E-mail and Internet Communication
- Observe your employer’s policies regarding e-mail and Internet use. Even if no policies exist, you should use the company’s e-mail and Internet strictly for business and not for personal use.
- Always include a topic in the subject header.
- Keep e-mail messages short, concise and clear.
- Check your spelling and grammar before sending.
- Review the message to ensure it carries the meaning and tone you intended.
- Determine whether you need to respond to the sender only or all participants.
- Before sending attachments, check whether your recipients have the necessary software.
- Include your title, company name and telephone number in the signature at the end of each e-mail.
- Always use a salutation and a closing statement.
"Target your audience, thereby respecting others’ time. Salutations are very appropriate and a nice touch." Mary C. Kutarna, Toronto Public Library
When making calls:
- It is courteous (and good customer service) to return messages promptly.
- Identify yourself and state the reason for your call.
- Speak clearly and concisely.
- Indicate whether there is a need for action by either party.
- Summarize the next steps.
- Close with thanks, if applicable.
"Never eat while speaking on the telephone. Leave detailed messages on voice mail, as lots of business gets done this way." Sabynthe Jones-Caldwell, Pet Valu Canada Inc.
"Answer the telephone with your name and title, not 'hello.' Remember that all conversations will reflect back on you, the department and the company. Understand who your customers are, both internal and external, and that good customer service is essential." Tara Wiseman, General Accident Group.
When answering calls:
- Identify your name and company.
- It is usually preferable to take a message than to put someone on hold, but if you must do so, thank the caller for waiting; if they are waiting for someone else, check back frequently to verify whether they wish to continue holding.
- Before passing on a message, check the spelling of the caller’s name and company name and take his or her telephone number. Wait for the caller to say goodbye before hanging up.
- Request permission before putting a call on the speaker telephone.
- Learn how to transfer calls when you begin your new job.
"Smile before you pick up the telephone. Always identify yourself. Always be courteous." Carlo De Pellegrin, Partner, Williams & Partners, Markham.
Resolving Problems and Conflict
While on your work term, you may find yourself facing the occasional problem or conflict. Make sure you inform your supervisor of any problems as early as possible, and feel free to ask for advice on resolving the issues.
- What if I find my work is not challenging enough? Let your supervisor know that you are willing to complete your assignments but that you would welcome additional assignments that are more challenging. Be proactive; suggest some projects you’d like to tackle.

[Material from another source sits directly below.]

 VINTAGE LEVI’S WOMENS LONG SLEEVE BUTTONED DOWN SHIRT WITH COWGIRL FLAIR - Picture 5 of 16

- What if my supervisor refuses to give me more challenging work? Try to get some more feedback. Perhaps your supervisor needs you to complete an undemanding yet important project before you tackle new ones, or perhaps your supervisor thinks you need training in a certain area first. If you still feel your talents are being underused after obtaining feedback, ask your co-operative education coordinator for guidance.
Responding to Criticism
Accepting criticism graciously can be difficult. Your supervisor may suggest changes to improve the quality of a written assignment, or she may suggest a change in work habits. Try not to take this as a personal insult; in most cases, your supervisor is genuinely concerned about your development. Clarify your supervisor’s expectations and determine how to meet them. If you have made errors or mistakes, it is best to take responsibility for them and then work to correct them. If, however, you believe the criticism is unwarranted, you may discuss your concerns with your co-operative education coordinator.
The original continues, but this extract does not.